Kubernetes pods cannot pull the Docker image from Google Container Registry due to authentication failures.

Error Messages:

403 Forbidden: failed to authorize: failed to fetch oauth token
401 Unauthorized: failed to authorize: failed to fetch oauth token

Attempts Made

  1. Granted Storage Object Viewer role to Compute Engine service account

    gcloud projects add-iam-policy-binding coditect-cloud-infra \
    --member="serviceAccount:374018874256-compute@developer.gserviceaccount.com" \
    --role="roles/storage.objectViewer"

    Result: ❌ Failed - Still getting 403

  2. Created imagePullSecret with user credentials

    kubectl create secret docker-registry gcr-json-key \
    --docker-server=gcr.io \
    --docker-username=_json_key \
    --docker-password="$(gcloud auth print-access-token)" \
    -n coditect-staging

    Result: ❌ Failed - Getting 401/403

Root Cause Analysis

The issue appears to be related to Container Registry API enablement or bucket-level permissions.
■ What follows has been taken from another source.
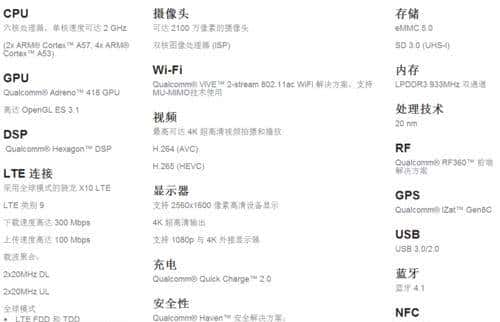 2K屏幕是否鸡肋?极客版2K屏幕解析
Possible causes:

  1. Container Registry API not fully initialized for coditect-cloud-infra project
  2. GCS bucket permissions not properly configured for GCR storage
  3. Service account scopes on GKE nodes may not include storage-ro or cloud-platform

# Enable Container Registry API
gcloud services enable containerregistry.googleapis.com --project=coditect-cloud-infra

# Verify API is enabled
gcloud services list --enabled --project=coditect-cloud-infra | grep containerregistry

# Wait 1-2 minutes for API propagation

# Delete existing pods to force retry
kubectl delete pods -n coditect-staging -l app=coditect-backend

Option 2: Use Artifact Registry Instead of GCR

Artifact Registry is the newer, recommended solution:

# Enable Artifact Registry API
gcloud services enable artifactregistry.googleapis.com --project=coditect-cloud-infra

# Create Artifact Registry repository
gcloud artifacts repositories create coditect-backend \
--repository-format=docker \
--location=us-central1 \
--project=coditect-cloud-infra

# Retag and push image to Artifact Registry
docker tag coditect-cloud-backend:test-v1.0.0 \
us-central1-docker.pkg.dev/coditect-cloud-infra/coditect-backend/coditect-cloud-backend:v1.0.0-staging

docker push us-central1-docker.pkg.dev/coditect-cloud-infra/coditect-backend/coditect-cloud-backend:v1.0.0-staging

# Update deployment manifest
# Change image from:
# gcr.io/coditect-cloud-infra/coditect-cloud-backend:v1.0.0-staging
# To:
# us-central1-docker.pkg.dev/coditect-cloud-infra/coditect-backend/coditect-cloud-backend:v1.0.0-staging

Option 3: Recreate GKE Cluster with Correct Scopes

# Check current node scopes
gcloud container clusters describe coditect-cluster \
--region=us-central1 \
--format="value(nodeConfig.oauthScopes)"

# If scopes don't include cloud-platform or storage-ro:
# Create new node pool with correct scopes
gcloud container node-pools create coditect-pool-v2 \
--cluster=coditect-cluster \
--region=us-central1 \
--num-nodes=3 \
--machine-type=n1-standard-2 \
--scopes="https://www.googleapis.com/auth/cloud-platform"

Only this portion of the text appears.